Terrorist Khalid El-Bakraoui blew himself up at Maalbeek metro station which happens to be near the EU headquarters at at 07:11 GMT on March 22. An hour earlier, two other Islamic State suicide attackers struck Zaventem airport departure lounge in attacks claimed by Islamic State. The metro and airport bombs killed a total of 32 people and wounded 300 in the worst ever terror attack in Europe.
The attacks in Brussels, home to the European Union and NATO headquarters, came four months after 130 people were killed in similar attacks in Paris. The attacks on the two cities appear to be linked.
Since March 22, Maelbeek station had remained shut while operating hours in other stations were reduced owing to lack of security staff.
On reopening day April 25, 2016, Monday, passengers streamed into the station and appeared to be tense and emotional. The scene remained calm, with commuters expressing patience over the month-long closure, despite criticism of Belgium’s handling of the attacks.
“It is rather difficult to come here again,” said one commuter. “We are still thinking about the people who died here and I think it will take a long time before we are back to normal life here.”
Armed guards and sniffer dogs stood outside the station and on the platforms. Security from Brussels’ transport network also patrolled the trains in a bid to reassure the passengers. Families of the victims were allowed special access to the station on Saturday to mourn the dead, before the official reopening to commuters. It was the first opportunity they had to visit the place where their loved ones died.
The attacks had destroyed one of eight tiled portraits on the station’s walls. In its place, a temporary white board remembrance wall was erected where people could write messages and scribble notes in memory of the victims. This large white board was full of messages, and peace symbols posted by survivors and the families of victims.
The messages expressing the poignancy of their feelings were in a multitude of languages, French, Flemish, English, Arabic, Dutch and Spanish and offered an insight into the suffering caused by the bombings, and the lives lost.
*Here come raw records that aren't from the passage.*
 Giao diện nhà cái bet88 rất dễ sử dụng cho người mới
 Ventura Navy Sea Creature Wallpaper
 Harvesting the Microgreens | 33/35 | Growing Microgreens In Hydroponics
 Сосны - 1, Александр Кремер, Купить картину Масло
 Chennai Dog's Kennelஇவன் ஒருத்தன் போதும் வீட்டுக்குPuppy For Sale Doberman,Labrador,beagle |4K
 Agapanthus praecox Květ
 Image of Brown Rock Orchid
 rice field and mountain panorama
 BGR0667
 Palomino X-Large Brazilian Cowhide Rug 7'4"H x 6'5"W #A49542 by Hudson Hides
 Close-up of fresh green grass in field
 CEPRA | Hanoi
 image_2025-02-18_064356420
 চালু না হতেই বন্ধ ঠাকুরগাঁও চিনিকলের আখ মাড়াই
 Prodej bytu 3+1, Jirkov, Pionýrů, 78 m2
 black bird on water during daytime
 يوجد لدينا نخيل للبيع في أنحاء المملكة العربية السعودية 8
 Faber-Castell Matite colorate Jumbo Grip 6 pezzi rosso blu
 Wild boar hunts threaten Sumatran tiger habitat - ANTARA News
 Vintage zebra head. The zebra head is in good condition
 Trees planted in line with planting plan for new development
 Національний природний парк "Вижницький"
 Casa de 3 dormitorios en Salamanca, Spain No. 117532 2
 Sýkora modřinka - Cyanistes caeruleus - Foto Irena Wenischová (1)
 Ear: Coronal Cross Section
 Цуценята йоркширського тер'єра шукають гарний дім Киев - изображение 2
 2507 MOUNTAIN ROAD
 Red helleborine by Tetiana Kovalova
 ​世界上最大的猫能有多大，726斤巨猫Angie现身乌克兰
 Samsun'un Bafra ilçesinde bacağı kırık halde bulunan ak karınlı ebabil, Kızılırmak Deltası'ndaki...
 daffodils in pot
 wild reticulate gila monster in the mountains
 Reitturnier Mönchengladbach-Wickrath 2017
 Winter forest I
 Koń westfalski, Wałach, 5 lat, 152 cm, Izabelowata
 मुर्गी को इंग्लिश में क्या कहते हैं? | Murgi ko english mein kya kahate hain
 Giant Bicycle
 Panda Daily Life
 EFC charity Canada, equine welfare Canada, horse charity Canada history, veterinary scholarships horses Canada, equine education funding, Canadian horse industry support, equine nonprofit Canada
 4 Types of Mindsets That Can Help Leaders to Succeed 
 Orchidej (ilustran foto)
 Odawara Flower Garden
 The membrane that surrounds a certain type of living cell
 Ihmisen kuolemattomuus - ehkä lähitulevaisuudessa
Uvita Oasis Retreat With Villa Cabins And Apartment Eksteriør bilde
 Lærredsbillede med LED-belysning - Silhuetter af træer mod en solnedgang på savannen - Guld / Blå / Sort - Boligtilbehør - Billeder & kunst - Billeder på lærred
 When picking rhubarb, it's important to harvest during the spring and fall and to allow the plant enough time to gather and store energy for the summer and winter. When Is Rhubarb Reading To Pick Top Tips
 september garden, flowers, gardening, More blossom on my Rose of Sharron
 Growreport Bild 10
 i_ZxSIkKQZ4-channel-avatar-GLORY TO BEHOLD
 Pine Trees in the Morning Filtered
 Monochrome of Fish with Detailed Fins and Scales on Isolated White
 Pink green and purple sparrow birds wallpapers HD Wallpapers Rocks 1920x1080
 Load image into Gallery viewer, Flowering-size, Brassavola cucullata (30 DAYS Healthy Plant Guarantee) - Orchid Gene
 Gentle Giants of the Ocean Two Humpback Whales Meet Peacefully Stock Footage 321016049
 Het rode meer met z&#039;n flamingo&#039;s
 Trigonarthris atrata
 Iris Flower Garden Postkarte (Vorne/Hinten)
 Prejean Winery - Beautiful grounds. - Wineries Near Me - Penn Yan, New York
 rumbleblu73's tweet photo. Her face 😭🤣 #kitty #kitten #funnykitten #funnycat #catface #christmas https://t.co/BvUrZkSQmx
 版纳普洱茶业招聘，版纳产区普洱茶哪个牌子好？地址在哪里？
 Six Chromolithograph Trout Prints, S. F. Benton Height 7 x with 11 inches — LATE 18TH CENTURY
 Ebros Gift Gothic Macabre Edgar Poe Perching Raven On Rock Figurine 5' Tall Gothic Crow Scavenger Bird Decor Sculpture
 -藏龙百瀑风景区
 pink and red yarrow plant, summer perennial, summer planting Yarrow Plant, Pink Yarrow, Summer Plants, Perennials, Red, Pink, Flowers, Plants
“Let’s cherish the life that surrounds us,” said a note signed Patricia.
One message in French tells of a daughter. “I love my little Sabrina. I miss you. Go in Peace. Mom.”
Another pays tribute to the mother of a Polish family. “Dearest Mother, you will always stay in our hearts. Your loving children, father and the whole family.”
The exterior of the station was also turned into a makeshift memorial as people placed dozens of bouquets outside the entrance.
The reopening of the Maelbeek station is a symbolic moment of healing for the city’s 1.1 million residents who are still reeling from the carnage of the attacks. It signals a return to normalcy after the shock of the devastation.
The EU has been functioning normally and the countries football matches, cycling tours and beer festivals are all carrying on. Brussels airport, though started operations three weeks ago, is set to resume full operations by June.
Things are back to normal perhaps, except for the sight of armed troops on the street.